Cyber Incident Victim: United States Department of the Treasury
Date:
Jul 2020
Location:
United States of America
Summary
The Treasury Department’s email system was compromised after attackers gained control of a high‑level administrator account for its SolarWinds Orion software, using that access to modify the Secure Mail application and potentially open all treasury.gov addresses to intrusion. The breach persisted for several months before an inadvertent system change by the department disrupted the attackers’ access. Officials involved said they could not determine which specific messages were viewed or whether any data was actually exfiltrated.
| CIA Posture | Motives | Tactics, Techniques & Procedures |
|---|---|---|
| Available to members | 0 motives | 0 techniques |
| Threat Actors | Type | Location |
|---|---|---|
| 0 actors | Available to members | Available to members |
Description
In early 2020 the Texas‑based information management company SolarWinds was targeted by an elite, possibly Russia‑affiliated entity that used a combination of social engineering and technical hacking to compromise its Orion Platform software. The compromised Orion updates were distributed to SolarWinds’ clients, turning the software into a malware dispenser that installed spying tools on victim networks. Among the clients were high‑level U.S. government organizations including the White House and the National Security Agency, which gave the attackers access to communications networks that handle classified information. The overall compromise persisted for approximately nine months through most of 2020.

According to a redacted Treasury Department inspector general’s report released after a Freedom of Information Act lawsuit, the highest level administrator account for Treasury’s SolarWinds software was compromised on July 6 2020. The attackers used that privileged account to modify an application referred to as Secure Mail, a change that the report states potentially allowed access to every e‑mail address ending in treasury.gov. This access remained in place until October 12 2020, when Treasury apparently made an inadvertent system change that terminated the attackers’ presence. The individual who operated the compromised administrator account told investigators that they did not know which specific e‑mail messages were viewed or whether any data was actually exfiltrated.
The inspector general’s findings represent only a portion of the broader nine‑month exposure, providing insight into roughly four months of the Treasury‑specific intrusion.

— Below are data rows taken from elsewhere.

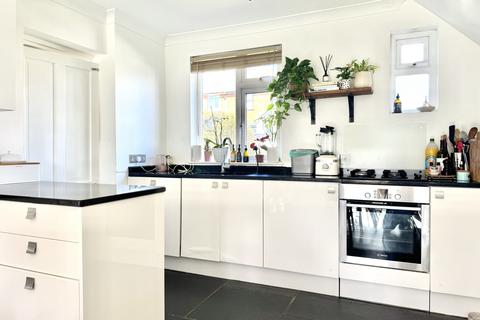 15 Alan Road, Padstow, PL28 8DS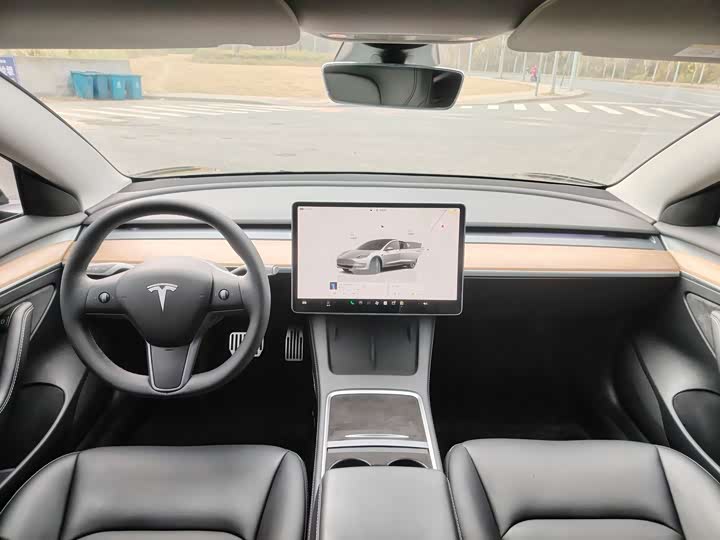 Фото 8 - Tesla Model 3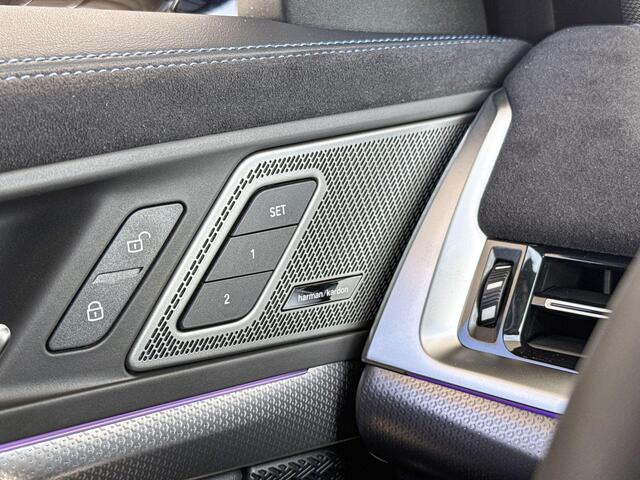 BMW X2 iX2 eDrive20 M Sportpakket Pro / Innovation Pack / Comfort Pack / Panoramadak / Elektrisch verstelbare stoelen / Driving Assistant Plus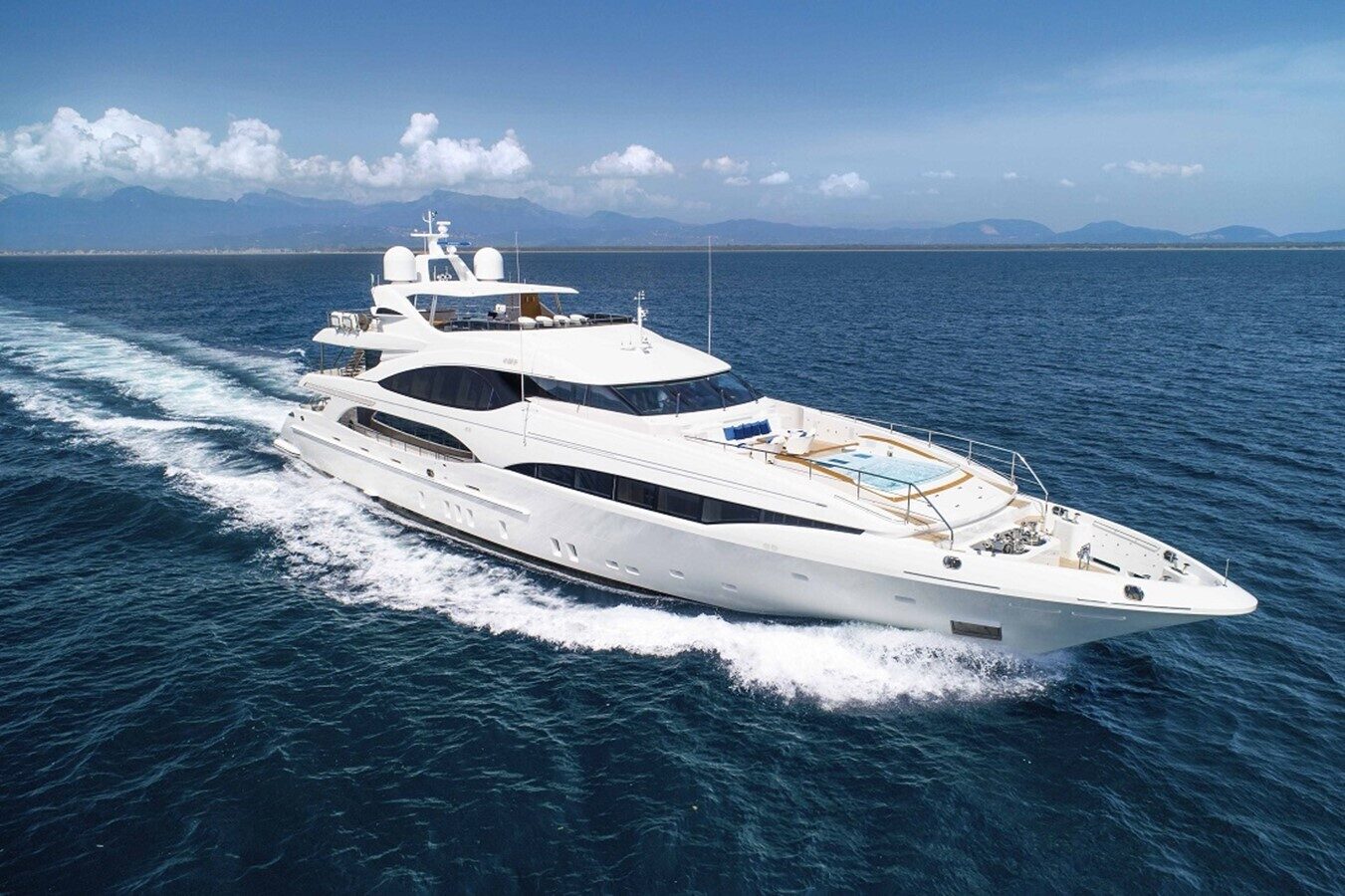 q95 yacht price
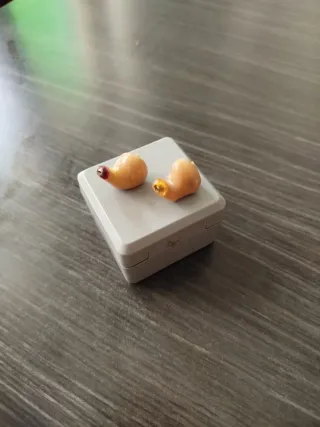 Audífonos Beige y Rojo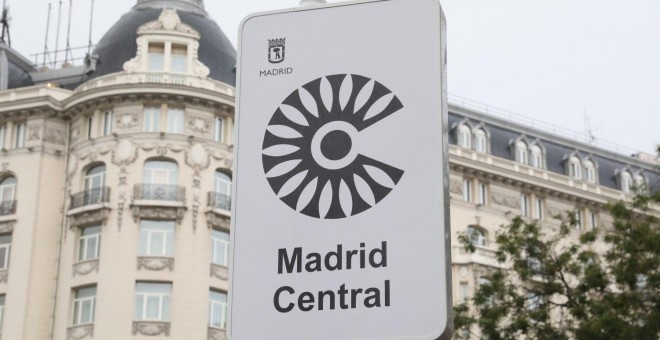 Señal en la vía pública para informar de una zona afectada por Madrid Central | Ayuntamiento de Madrid.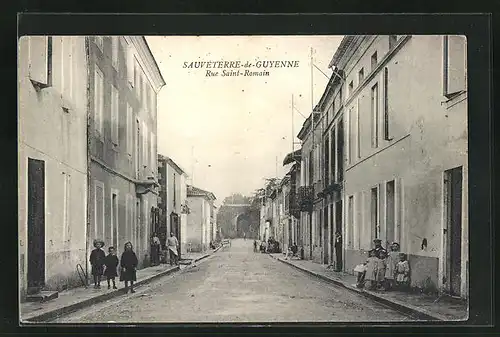 AK Sauveterre-de-Guyenne, Rue Saint-Romain, Strassenpartie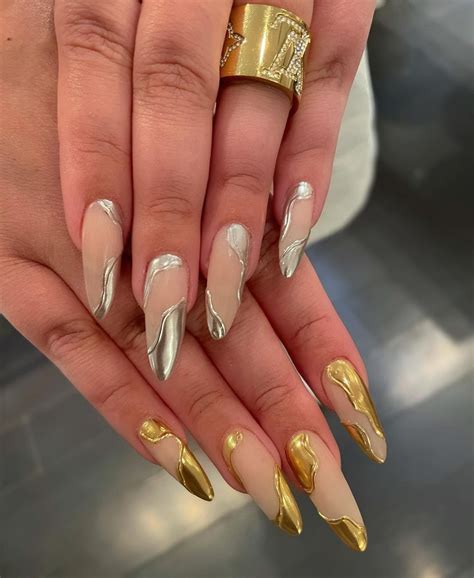 40 Beautiful Gold Nails To Bring Elegance To Your Outfits In 2022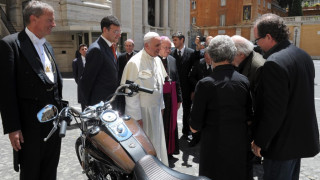 Папата продаде мотора си за 241,5 хил. евро
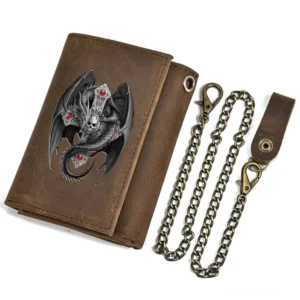 Gothic Drachen-Ledergeldbörse mit antiker Messingkette, Linksansicht mit geprägtem Schädel- und Drachenmotiv auf Vintage-Braun-Leder, gotische Portemonnaie mit Kettenanhang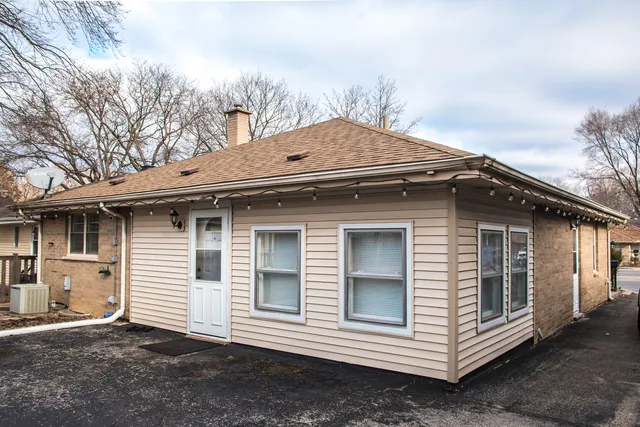 $3,300 | 227 North Butterfield Road, Libertyville, IL 60048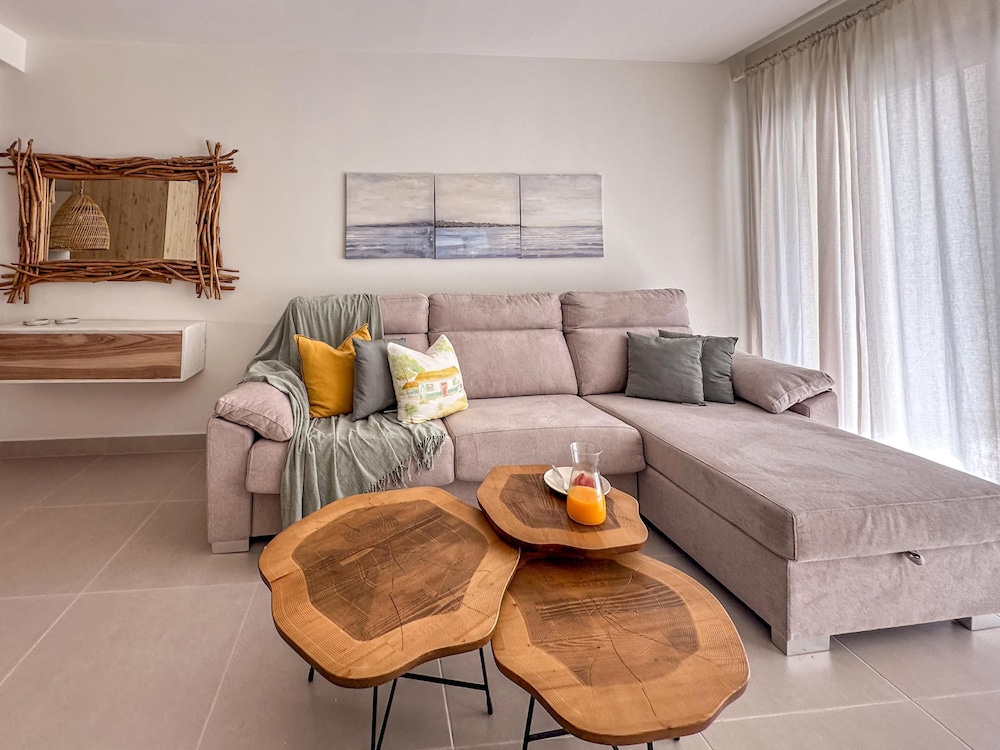 Cozy and Beautiful Apartment at the Beach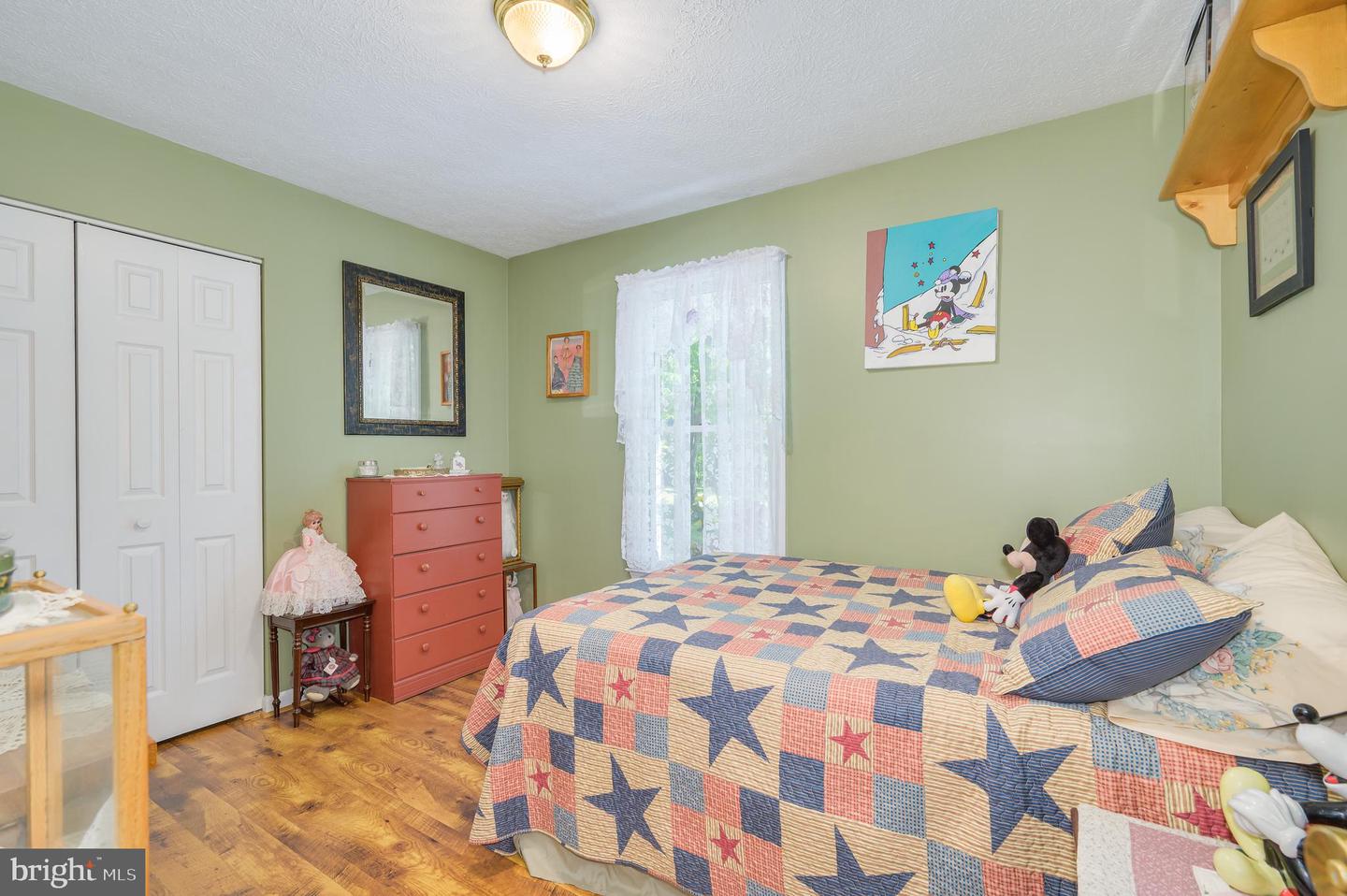 523 Zig Zag Ln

No further details about data loss, manipulation, or subsequent remedial actions were disclosed in the released report. The revelation that Treasury e‑mail accounts were accessible underscores the extent to which the SolarWinds supply‑chain compromise penetrated senior government communications. The incident contributed to the wider reassessment of federal software supply‑chain risk management following the discovery of the campaign.